By the second half of the 20th century, individuals in cities could be totally self-sufficient and isolated from other human beings if they so chose when it came to personal relationships. The rationalization of modern life made deep human interaction a choice, and to some extent, privacy was the default state.
The rationalization of economic relations continues. But over the last 20 years, and especially the last ten or so, the default state of privacy has disappeared. If you know someone’s name you can usually find their age, where they have lived their adult life, who they lived with, and who their relatives are. Websites like Zillow can tell you their home-value or when/if they bought their home and for how much. Facebook, Twitter, and other social media make it so you can find out many things about a person.
Recently a friend of mine who became newly single after ten years in a relationship decided to try out online dating (for the first time). One thing he found is that you have to assume that your matches may have Googled you beforehand (presumably this depends on whether the site gives you full name or not). If you are too shy to talk to your neighbors, just look up who lives at the various addresses around you. Once you have their names you can find out everything else.
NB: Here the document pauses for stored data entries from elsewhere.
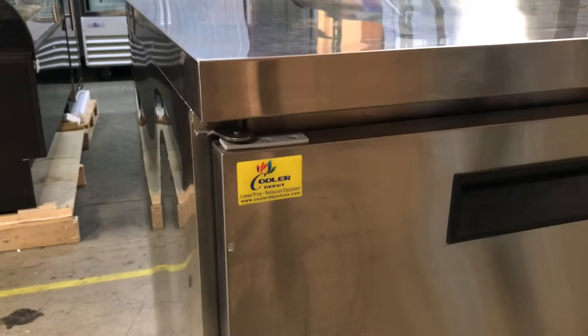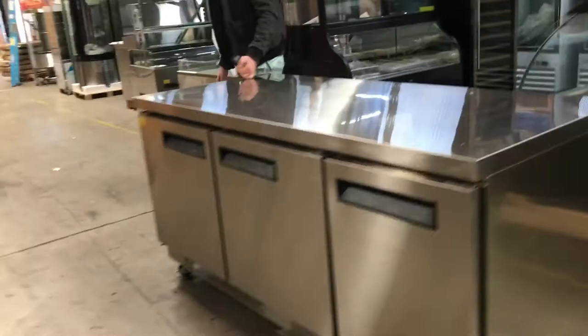Let's go ahead and show you the back. On the back, you'll be able to locate the plug right there — it is a standard 110 plug. You can also locate the compressor; all the functions on the bottom will be there. It is, like I said, a stainless steel unit.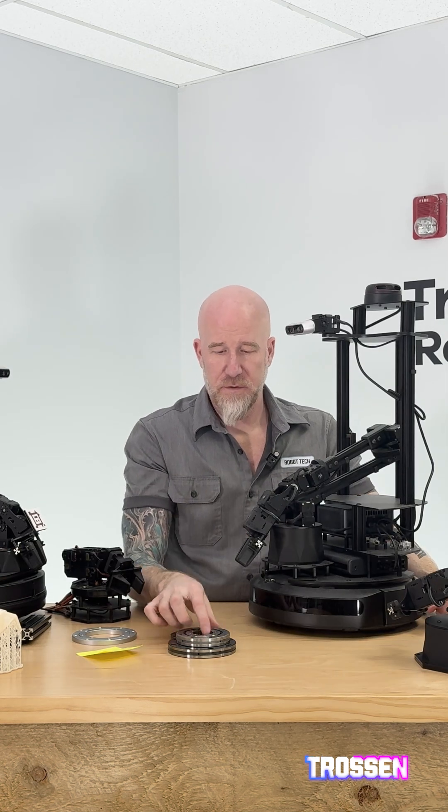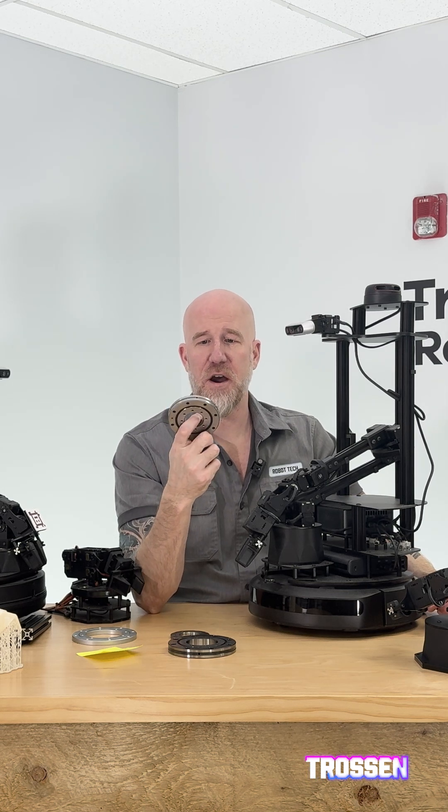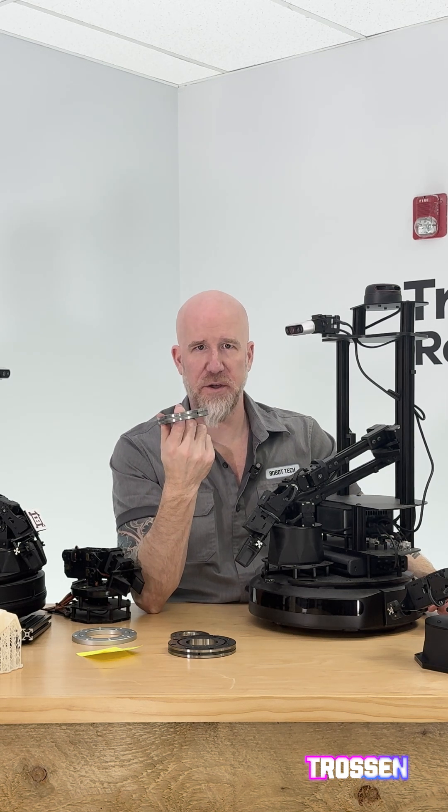The bigger arms have our U66 bearings in them. These are industrial bearings and they are hilariously overkill for this. They're designed for industrial machines, extremely heavy, and can handle thousands of pounds — so it's kind of hilarious that we use them in a hobby arm that's a thousand dollars.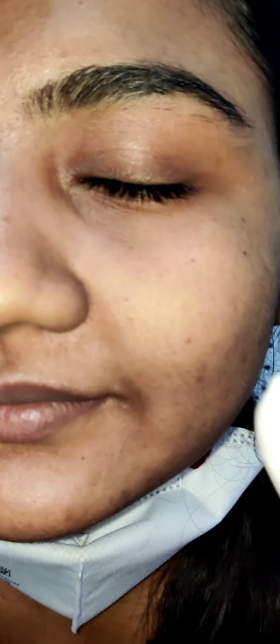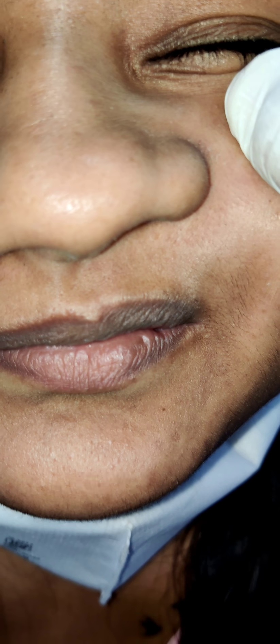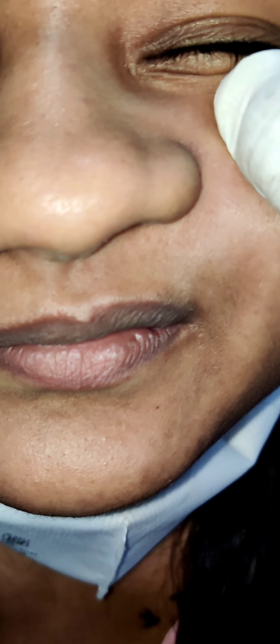Then there is the Cottle test that we perform for the nasal valve. For that, we will have to retract the cheek of the nose superiorly and laterally like this, and ask the patient whether there is some improvement in their nasal breathing or not.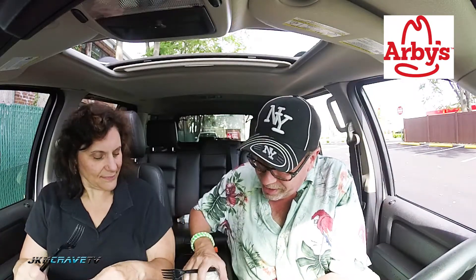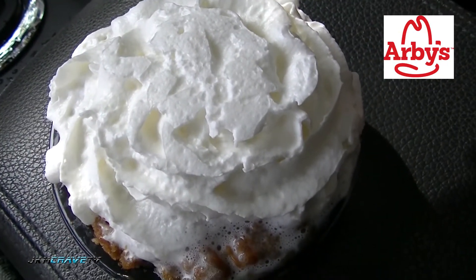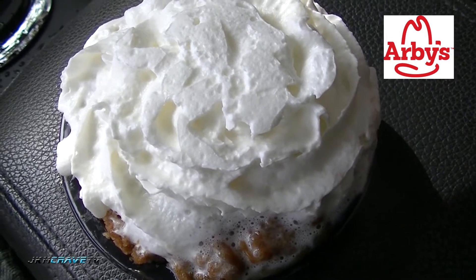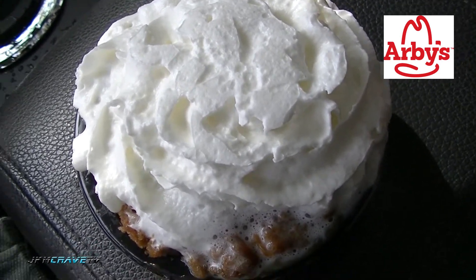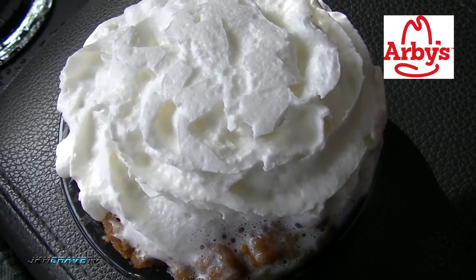What do you think? Should I do the detailed close-up? Of course. It's really not much to look at. Okay guys, we're going to go in for the detailed close-up. It's going to look like a cloud of whipped cream. And here it is in all of its pillowy white whipped cream glory — the cinnamon apple crisp from Arby's, which ran us a total of $3 and change.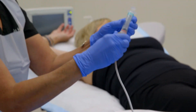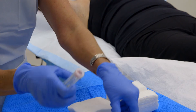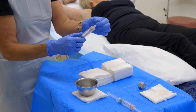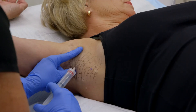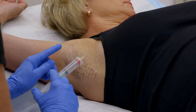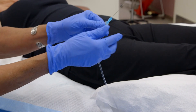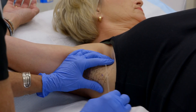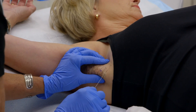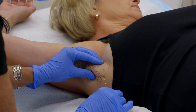Fill both 5cc syringes with tumescent solution, then attach a 30-gauge needle. Inject 4 to 5 intradermal 1-milliliter blebs of tumescent solution using a 30-gauge needle. The spinal needle will be inserted through the bleb into the subcutaneous tissue. Attach the spinal needle to the HK tumescent infiltration tubing. The clinician's non-dominant hand gently grasps and slightly elevates the axillary skin, while the dominant hand holds the spinal needle. The needle is inserted through the bleb and then advanced within the superficial subcutaneous tissue using a gentle in-and-out motion in a fanning pattern.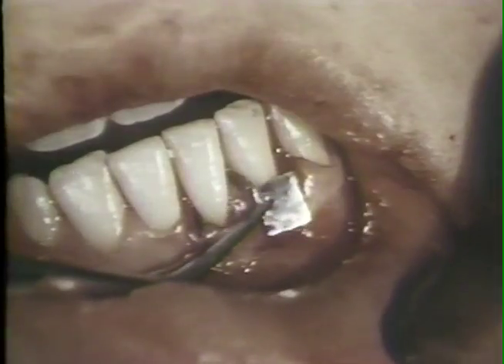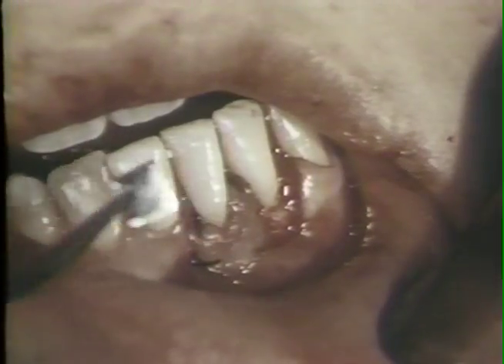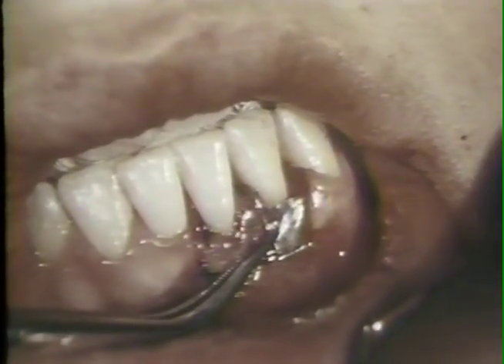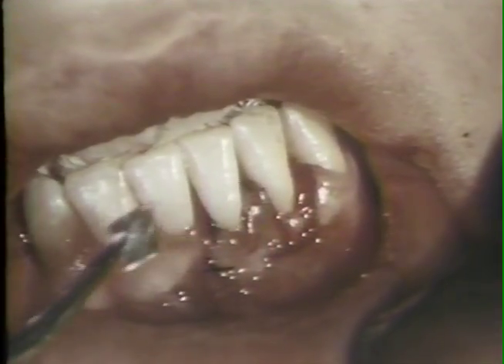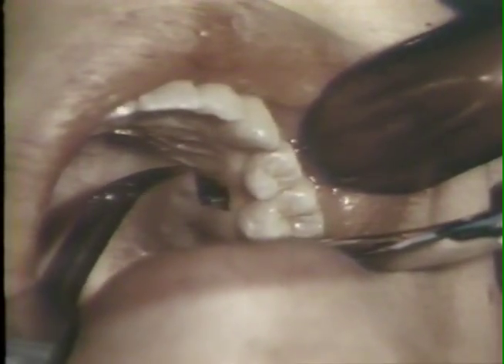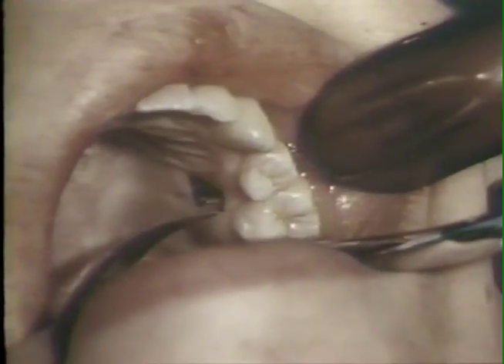In preparation for a free gingival graft, a piece of tin foil of approximated size is placed over the surgical defect. The tin foil has been cut to fit the size of the defect. The tin foil is placed on the palatal mucosa in an area of no rugae, and an incision is made along the borders of the tin foil with a barred Parker number 12B blade. This incision should extend through the mucosa and into the submucosa.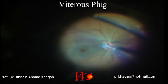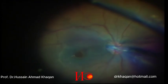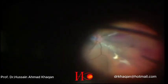Here you can see that the vitreous is completely plugged in the optic disc pit. I am trying to remove this vitreous plug, but as you can see I was unable to do so. So I decided to remove all the posterior hyaloid that has been detached.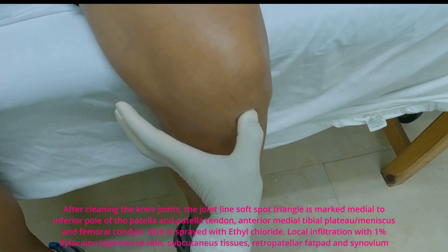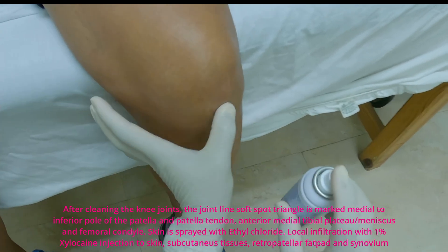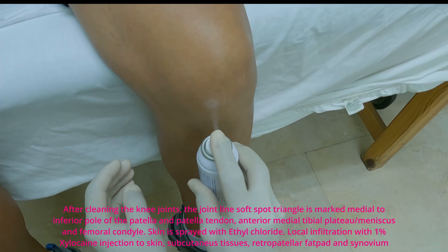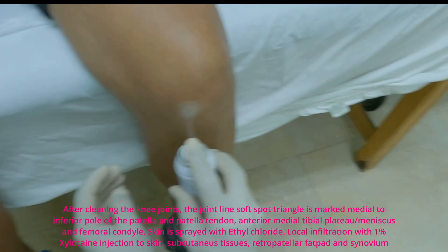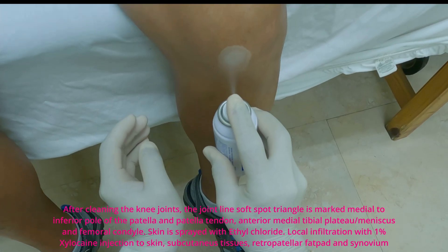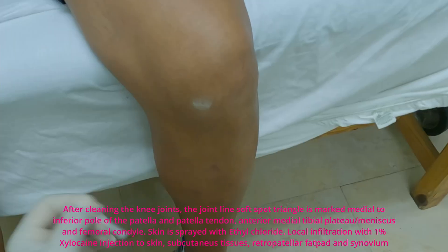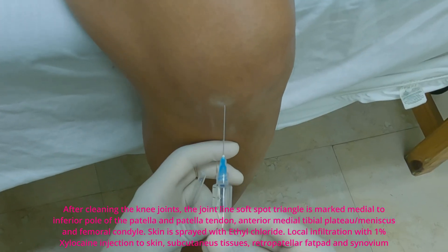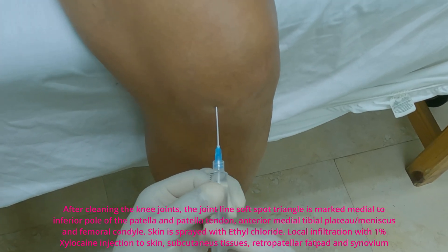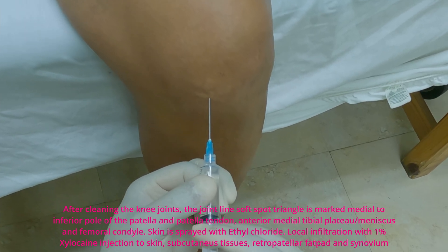After cleaning the knee joints, the joint line soft spot triangle is marked medial to the inferior fold of the patella and patellar tendon, anteromedial tibial plateau slash meniscus, and medial femoral condyle. Skin is sprayed with ethyl chloride, followed by local infiltration with 1% xylocaine injection to skin, subcutaneous tissues, retropatellar fat pad, and synovium.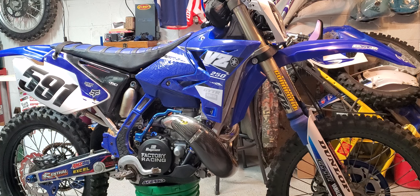For premix I run Klotz Super Techniplate synthetic oil at 32 to 1 with a 20% castor blend. The chain was pretty beat up and crusty, so I got an RK gold O-ring chain, a 51-tooth JT rear sprocket, and a 14-tooth JT front sprocket.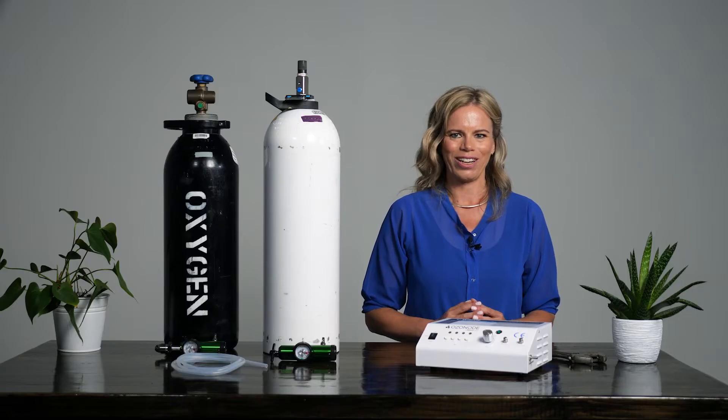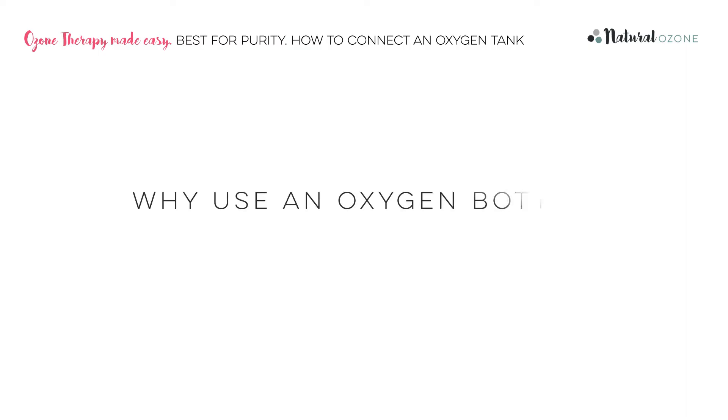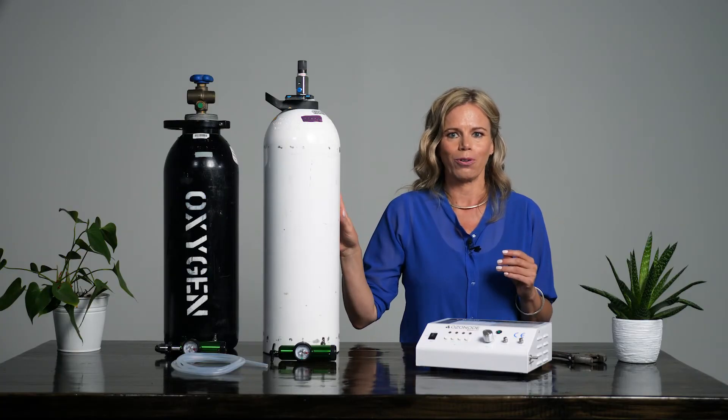In this video, I will show you how to set up a Natural Ozone Home Ozone Therapy Bundle using an oxygen bottle. Why use an oxygen bottle? To conduct safe and effective home ozone therapy, we need an input of pure oxygen. There are three different ways you can achieve that.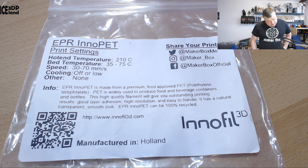PET is widely used in food and beverage containers and bottles — the same material used in Coca-Cola and soda bottles. This high-quality filament will give you outstanding printing results, good layer adhesion, high resolution, and is easy to handle. It has a natural, transparent, smooth look. ERP InnoPet can be 100% recycled. More information at InnoFill3D.com.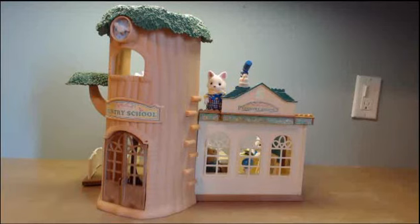Hi guys! Today I'm going to be doing a review on the Calico Critters Country Tree School. It includes over 40 pieces and it is ages 3 and up. Let's get a closer look.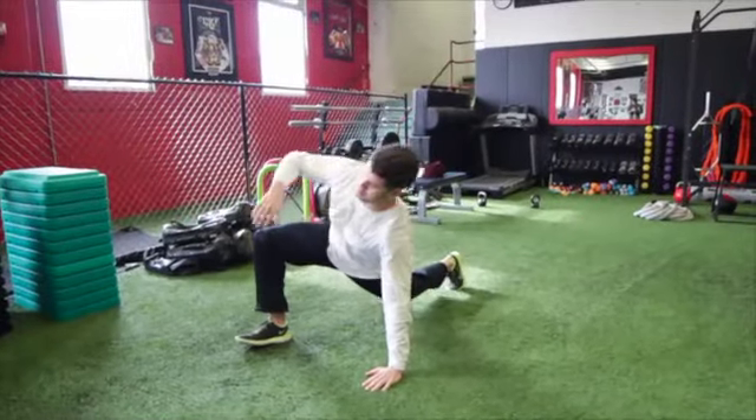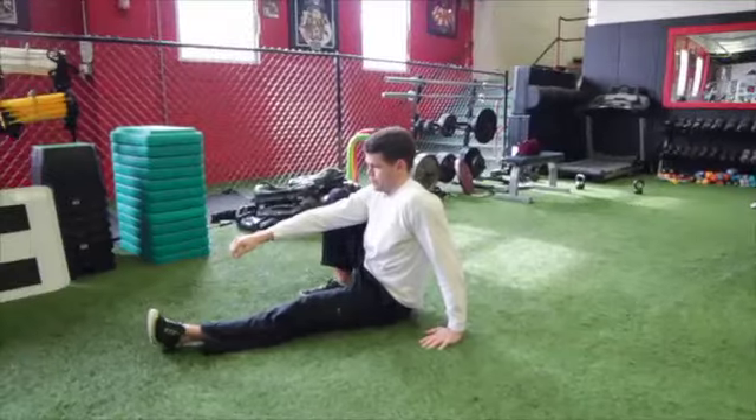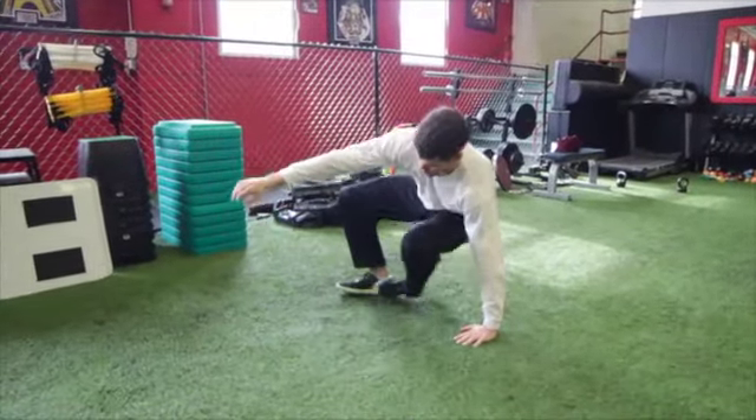Next, bring your back leg straight to the front, sitting down, keeping your chest up and your back straight. Repeat the sequence.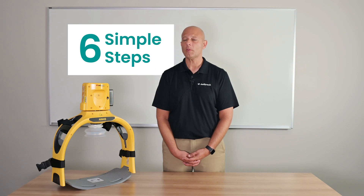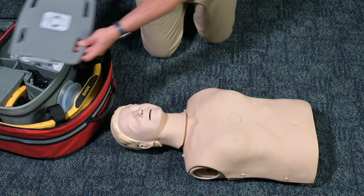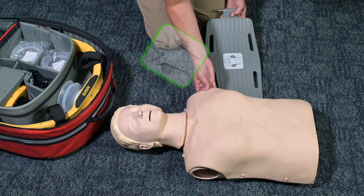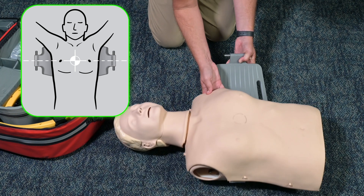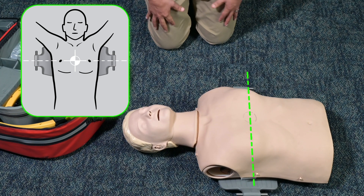There are six simple steps you will perform when using the ArmXR device on a patient. Once the backboard is removed from the carrying case, you'll place it under the patient, center to their chest, aligning it with the patient's nipples as indicated on the backboard graphic.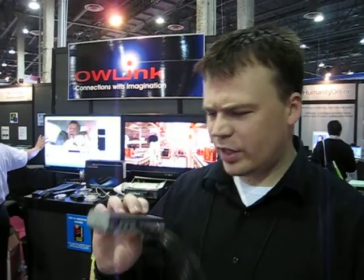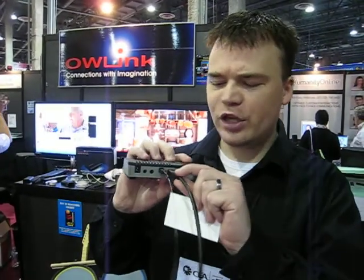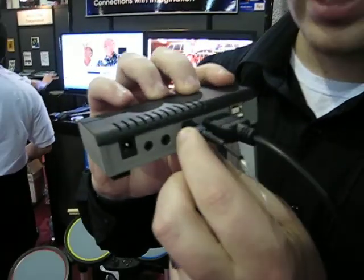Benjamin Higginbotham with TechnologyEvangelist.com here in the Owlink booth. They've got a digital light interface — basically this neat little box right here. It's got an HDMI input and it outputs into fiber cable.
Whereas the political and social views of most employees of a corporation were out of view in the 20th-century, today many companies are snooping around in Facebook feeds and doing simple background checks. You may not have a personal relationship with a large company, but it has a relationship with the data that it defines you by.
The 20th-century was the century of privacy because the machinery of information distribution appropriate to hunter-gatherers and villages did not scale to cities. And 20th-century technology never caught up to the scale of the cities and economies of that period in terms of distributing information. As the 21st-century proceeds, it seems that information technology is finally now in place.